Psalm 5: The Hatred and Love of God

God hates sin

For you are not a God who delights in wickedness;
    evil may not dwell with you.
The boastful shall not stand before your eyes;
    you hate all evildoers.
You destroy those who speak lies;
    the Lord abhors the bloodthirsty and deceitful man.

I spend most of my life downplaying the seriousness of my sins in order to appease my conscience. It is precisely because of this that I need reminders of how God views my acts of rebellion against him. He hates it. He cannot allow it to dwell in His presence. If I claim to walk with God, and yet continue to treat my disobedience as “not that bad” then I offend God and deceive myself. I needed to hear this. Oh how I needed to hear this! I sit far too comfortably with sin and I praise God for reminding me just how serious my sins are.

God hates sinners

The boastful shall not stand before your eyes;
    you hate all evildoers.
You destroy those who speak lies;
    the Lord abhors the bloodthirsty and deceitful man.

So it turns out that the popular saying “God loves the sinner but hates the sin” is not entirely true. It is not entirely false either but lacks some important qualifications and so has the potential to distort our view of God. We cannot separate our sin from our identity in God’s sight. If I sin then I am a sinner. If I commit murder then I am a murderer. If I commit adultery then I am an adulterer. If I lie then I am a lier. If I slander then I am a slanderer etc. So God’s anger and hatred of all things immoral are justly directed to the sinner as well as the sin. I am the source of all of my evil deeds and God hates me because of this. God is not angry because of the things we do. He is angry because of who we are. Jonathan Edwards gets it right when he says:

“The God that holds you over the pit of Hell, much as one holds a spider, or some loathsome insect, over the fire, abhors you, and is dreadfully provoked; his Wrath towards you burns like fire; he looks upon you as worthy of nothing else, but to be cast into the fire; he is of purer eyes than to bear to have you in his sight; you are ten thousand times so abominable in his eyes as the most hateful venomous serpent is in ours. You have offended him infinitely more than ever a stubborn rebel did his prince…”

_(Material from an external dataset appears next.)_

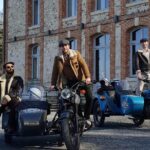 Private 3.5-hour sidecar tour & cider tasting from Le Havre port - Exploring Honfleur’s Vieux Bassin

I thank God for reminding me of the seriousness of my sinfulness. May I remember it every time I entertain the idea of sin and may it protect me from thinking I am more highly of myself than I should.

God loves sinners

I know that this seems contradictory. How can God love sinners and hate sinners at the same time? The answer is that some of those sinners are His people and, even though they are sinners, he loves them as his own children because he has forgiven them.

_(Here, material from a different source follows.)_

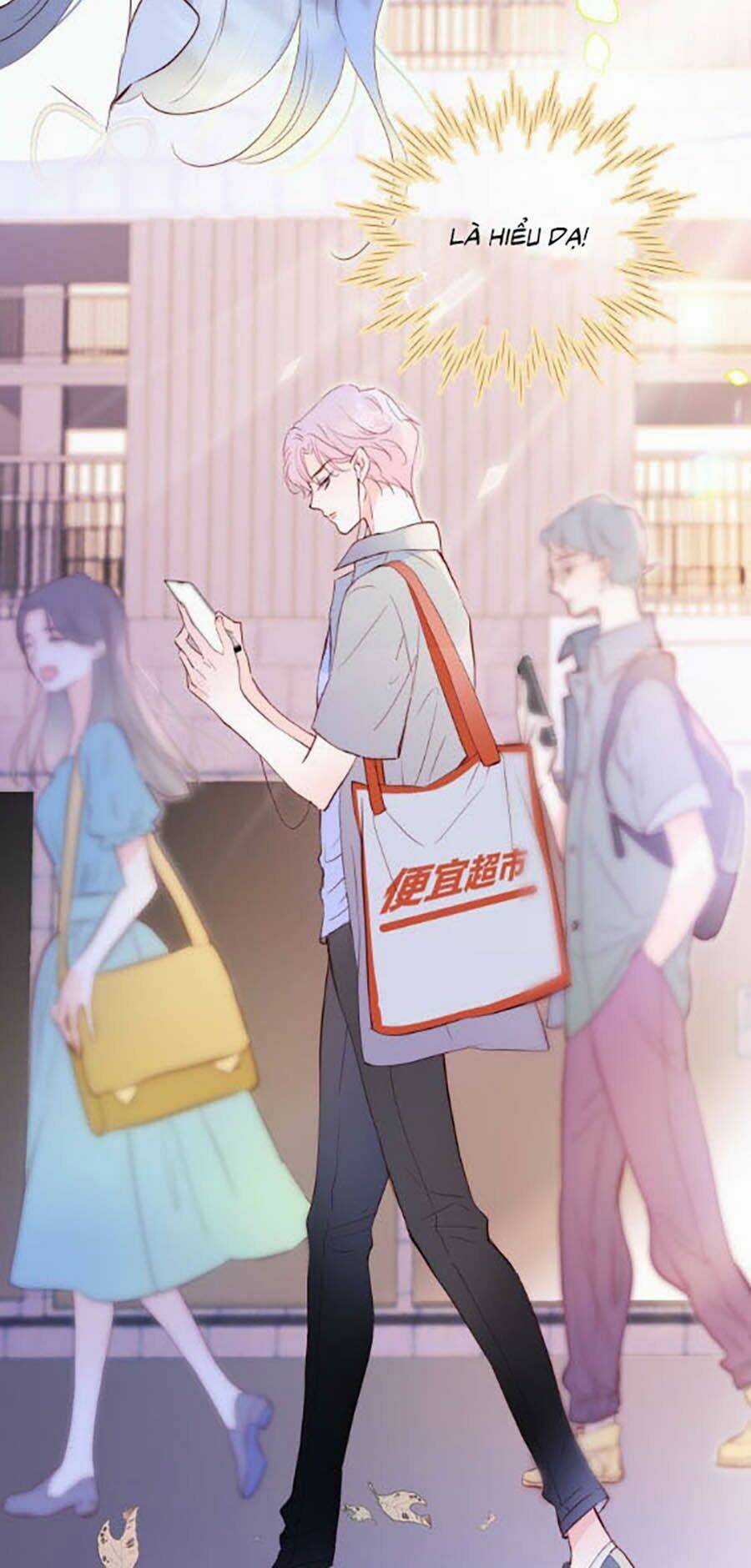 Hoa Bỏ Chạy Với Nhím Rồi Chapter 2 trang 11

So who are God’s people? Here are 5 characteristics of the people of God found in this Psalm:

  • God’s people are those who humbly recognise that it is purely by the love and grace of God that they will be allowed into his presence.

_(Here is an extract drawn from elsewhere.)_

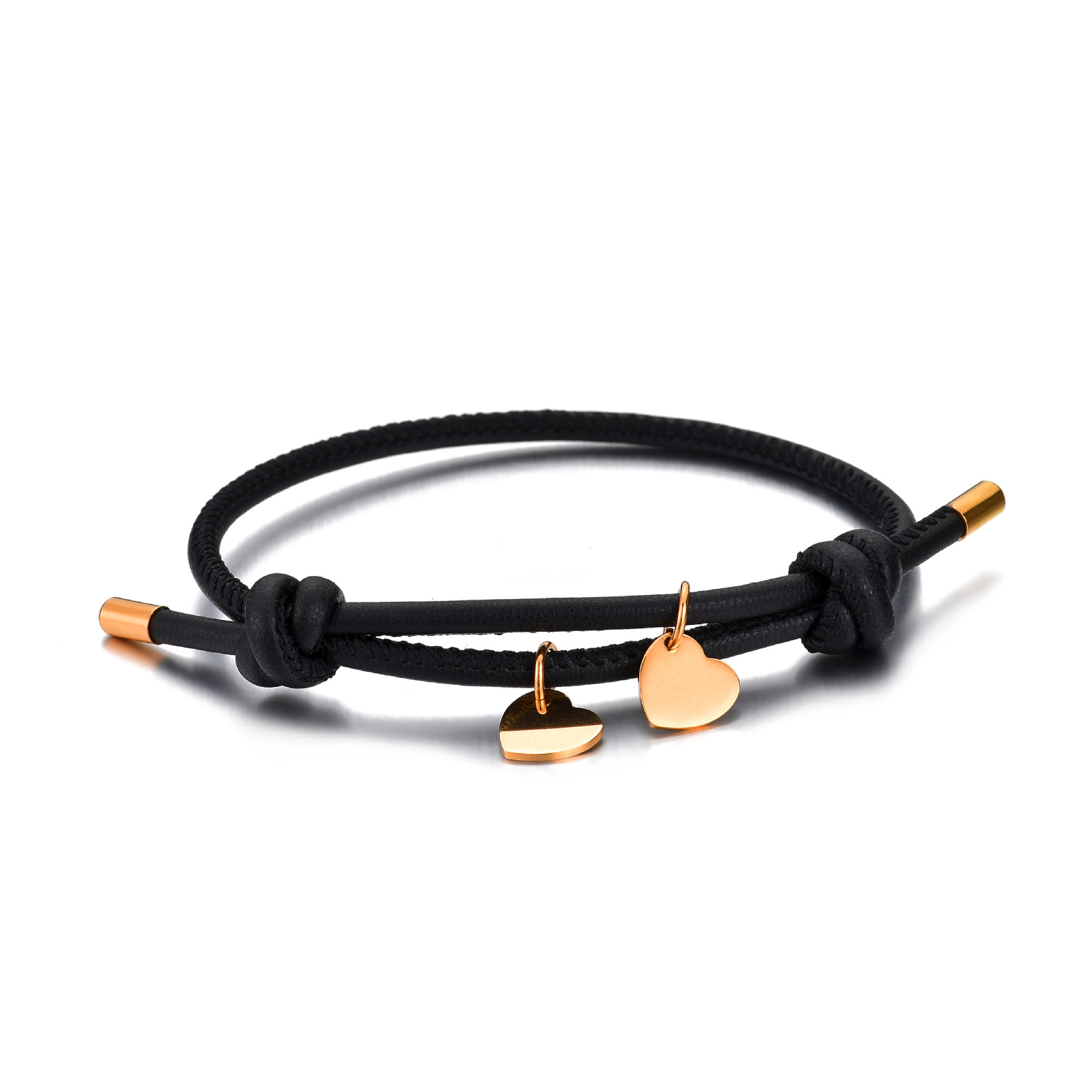 G negro + oro rosa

But I, through the abundance of your steadfast love,
    will enter your house.

  • God’s people are those who understand that God deserves our complete obedience and, who fear him enough to turn away from their sins to worship him.

I will bow down towards your holy temple
    in the fear of you.

  • God’s people run to God for refuge from his wrath (among other things) and rejoice over his favour, blessing and protection.

11 But let all who take refuge in you rejoice;
    let them ever sing for joy,
and spread your protection over them,
    that those who love your name may exult in you.
12 For you bless the righteous, O Lord;
    you cover him with favour as with a shield.

  • God’s people long for his teaching and leading in righteousness.

Lead me, O Lord, in your righteousness
    because of my enemies;
    make your way straight before me.

  • God’s people are those who love, trust and seek to obey Jesus. All of the characteristics of God’s people found in this Psalm are now being realised in the Church. All of God’s promises of grace, forgiveness and transformation are now fulfilled in the life, death and resurrection of Jesus. Jonathan Edwards continues…

What would not those poor damned, hopeless souls give for one day’s such opportunity as you now enjoy!

And now you have an extraordinary opportunity, a day wherein Christ has flung the door of mercy wide open, and stands in the door calling and crying with a loud voice to poor sinners; a day wherein many are flocking to him, and pressing into the Kingdom of God; many are daily coming from the East, West, North and South; many that were very lately in the same miserable condition that you are in, are in now an happy state, with their hearts filled with love to Him that has loved them and washed them for their sins in his own blood, and rejoicing in hope of the glory of God.